Serabit el-Khadim (Arabic: سرابيط الخادم Arabic pronunciation: [saraːˈbiːtˤ alˈxaːdɪm]; also transliterated Serabit al-Khadim, Serabit el-Khadem) is a locality in the southwest Sinai Peninsula, Egypt, where valuable resources such as turquoise were mined extensively in antiquity, mainly by the ancient Egyptians. Archaeological excavation, initially by Sir Flinders Petrie, revealed ancient mining camps and a long-lived Temple of Hathor, the Egyptian goddess of sensual power, who was favored as a protector in desert regions and known locally as the mistress of turquoise.

The Sinai Peninsula between Egypt and Western Asia was an important mining area for copper and malachite in ancient Egypt, Serabit el-Khadim being the most important copper mining site in the region. The temple was first established during the Middle Kingdom in the reign of Senusret I (reigned 1971 BC to 1926 BC) and was partly reconstructed in the New Kingdom. The temple is located about 10 kilometers north of Wadi Maghara, another archaeological site, and roughly 43 kilometers east of the modern-day city, Abu Zenima. The function of the temple was to honor the goddess Hathor who acted as a guide to the Egyptian kings who had undertaken expeditions to utilize these mines, and to glorify the power of the Pharaohs that had overseen these missions.

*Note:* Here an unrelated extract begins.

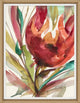 Bloom Burst 1, Giclee Reproduction Artwork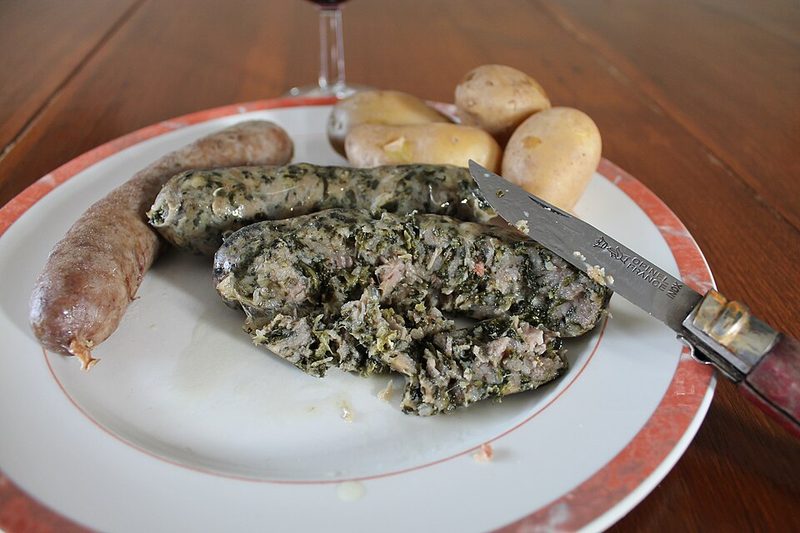 Pormonier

Various chapels were also constructed by the rulers that would follow, and commemorative stelae were erected along the path by the expedition and mining groups that came to work at this location. The temple was a place of worship and healing practices, as evidenced by the numerous votive stelae found along the pathway, inside the temple itself and within the nearby caves. The site's name is derived from these as well, with 'Serabit el-Khadim' translating to "Columns of the Slave," in reference to the tall inscribed columns that make up and surround the temple.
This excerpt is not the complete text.